Europe now had respite, but not long; Timur died, and with him his empire fell to pieces, while the Osmanic army rallied again under Mahomet I. (1413), and re-attained its former power under Murad II. (1421). Successful in Asia, Murad sent his armies back to the Danube, and after long-continued campaigns, and powerful resistance from the Hungarians and Slaves under Hunyad, he at last gained two decisive victories; Varna in 1444, and Kossova in 1448. Constantinople could no longer be held, and the Pope endeavored in vain to rouse the chivalry of Western Europe to a crusade against the Turks. Mahomet II. succeeded in 1451, and on the 26th of May, 1453, Constantinople, after a valiant resistance, fell, and became the capital of the Turkish empire.

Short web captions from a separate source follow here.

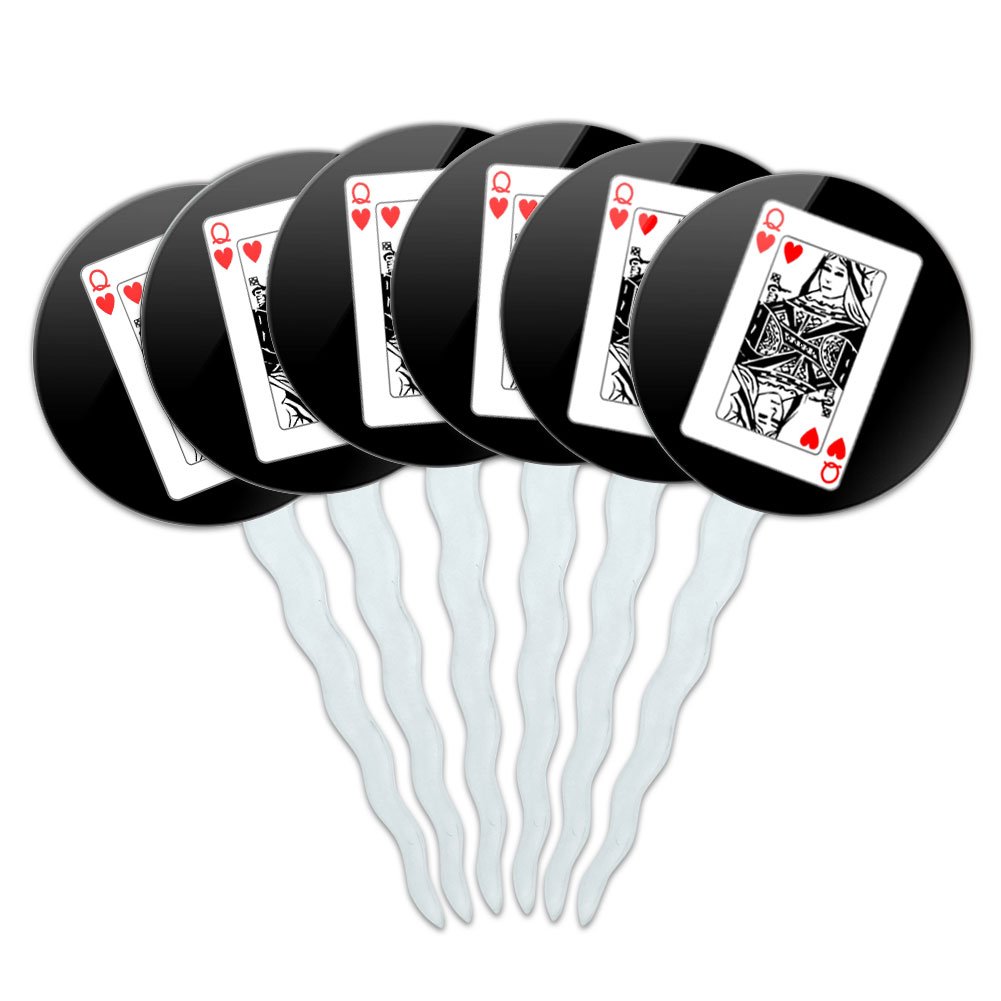 6-Piece Cupcake Toppers Set - Poker Playing Cards Design with Queen of Hearts - Perfect for Casino Themed Parties, Birthday Decorations, and Dessert Presentations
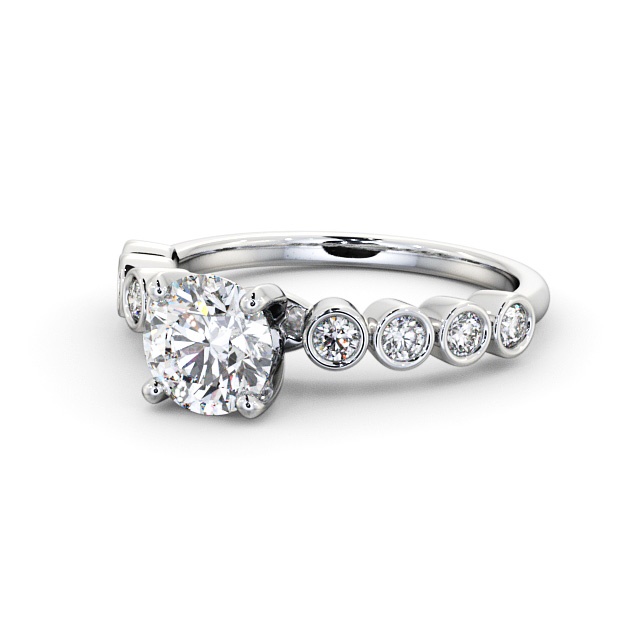 Round Diamond Engagement Ring 9K White Gold Solitaire With Side Stones - Dagmar ENRD154S_WG_FLAT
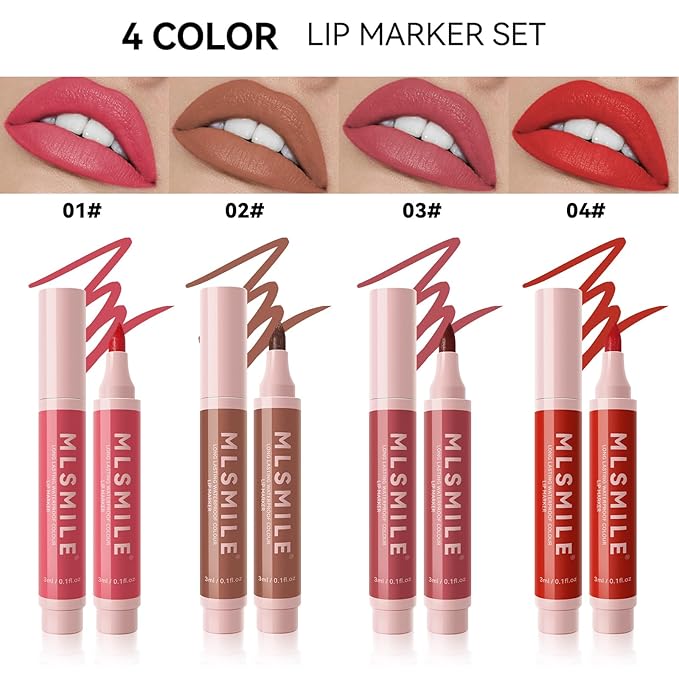 Red Lip Marker Lip Stain Long Lasting Waterproof Lip Liner Pencil, Hydrating, Transfer-proof Highly Pigmented Color Matte Lipstick Precise Liquid Lip Liner, Lightweight Matte Finish (04# RED)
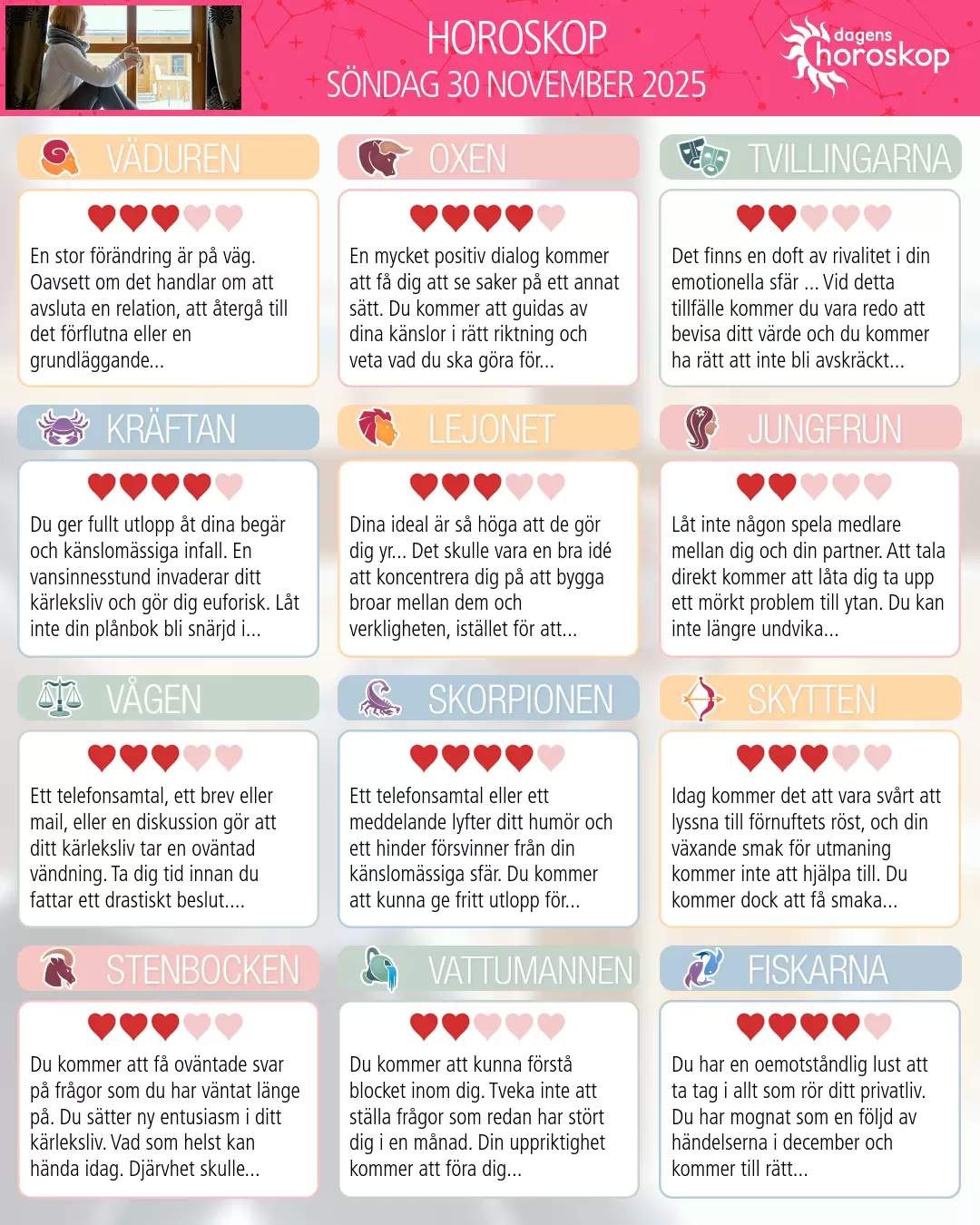 Horoskop för Lejonet idag, 30 November 2025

It is a real pleasure to read a Turkish grammar, even though one may have no wish to acquire it practically. The ingenious manner in which the numerous grammatical forms are brought out, the regularity which pervades the system of declension and conjugation, the transparency and intelligibility of the whole structure, must strike all who have a sense of that wonderful power of the human mind which has displayed itself in language. Given so small a number of graphic and demonstrative roots as would hardly suffice to express the commonest wants of human beings, to produce an instrument that shall render the faintest shades of feeling and thought;—given a vague infinitive or a stern imperative, to derive from it such moods as an optative or subjunctive, and tenses as an aorist or paulo-post future;—given incoherent utterances, to arrange them into a system where all is uniform and [pg 309] regular, all combined and harmonious;—such is the work of the human mind which we see realized in “language.” But in most languages nothing of this early process remains visible. They stand before us like solid rocks, and the microscope of the philologist alone can reveal the remains of organic life with which they are built up.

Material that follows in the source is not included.